‘Harry Potter’ producers and J.K. Rowling have not discussed more movies

11.12.10 7 years ago

Warner Bros.

LONDON – “Harry Potter” author and creator J.K. Rowling created a buzz last month when she told Oprah Winfrey she was open to writing new books in the “Potter” universe, something she’d never discussed publicly before.  With the second to last “Potter” film, “Harry Potter and the Deathly Hallows, Pt. 1,” opening next week, HitFix asked franchise producers David Heyman and David Barron if they had spoken to the author about possible new wizardly adventures.  The duo made it clear there are no plans for future movies at this time nor have they discussed such with Rowling.

“Jo writing new books? She will write new books,” Heyman says. “If they are ‘Harry Potter’ books or not I have no idea what they will be. If she does write ‘Harry Potter’ books I think they will be expanding the universe.  Things along the lines of ‘Monster’s Books of Monsters’ or [about] ‘Quidditch’ because she has such a deep knowledge of this world and what we read in the books is really just the surface.  There is so much more.  Whether we actually see ‘Harry and the Bureaucrats’?  I don’t know.”

As surprising as it sounds, neither Barron or Heyman have even approached Rowling to discuss spinoffs from the billion dollar franchise.

“No. No. I would not be so presumptuous,” Heyman insists. “Jo is not a screenwriter, she’s an author. She’s not writing things for films.  She’s writing books.

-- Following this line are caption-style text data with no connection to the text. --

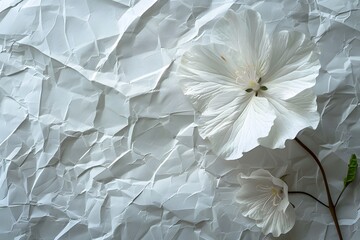 Canvas Print - Elegant White Flowers on Crumpled Paper Background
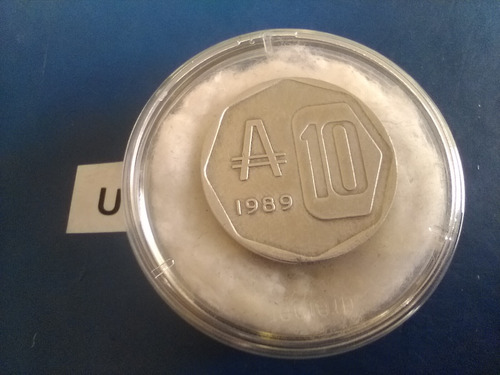 10 Austral Año 1989 Monedas De Casa Del Acuerdo Con La Caja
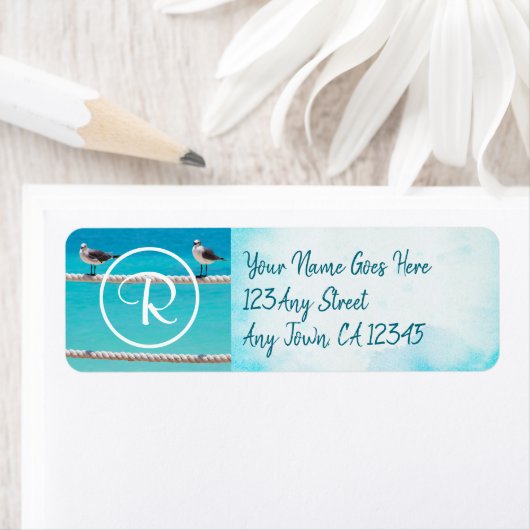 Monogram Seagull Vögel Foto Moderne Skriptadresse (Insitu)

And I know that she writes pretty much every day, that’s what she is.   I would not try and say, ‘Please, will you please do this’ or ‘Please will you do that.'” 

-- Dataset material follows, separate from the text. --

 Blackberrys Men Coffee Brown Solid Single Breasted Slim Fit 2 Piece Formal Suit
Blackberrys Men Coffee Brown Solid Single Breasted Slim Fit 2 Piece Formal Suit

“If she has something she would like for David or for us to look at, it will turn up eventually,” Barron notes.

“The films are born out of Jo’s fiction,” Heyman says.  “And however brilliant [franchise screenwriter] Steve Kloves is and there are scenes that Steve has written that Joe has gone, ‘I wish I’d written that.  I wish I’d done that.’  Even with that I think that there is only one Jo Rowling and we could not make a film without her source material.”

Barron adds, “I mean, ‘Harry Potter’ was seven books, but it was a singular story and the seventh book was the end of that story and It’s hard to imagine how she would re-enter that story.  She could take a character I guess and go in a completely different direction, but we have no indication that that’s what she might intend to do.”

“Harry Potter and the Deathly Hallows, Pt. 1″ opens nationwide and on IMAX Nov. 19.”  The final film, “Harry Potter and the Deathly Hallows, Pt. 2” opens July 15, 2011.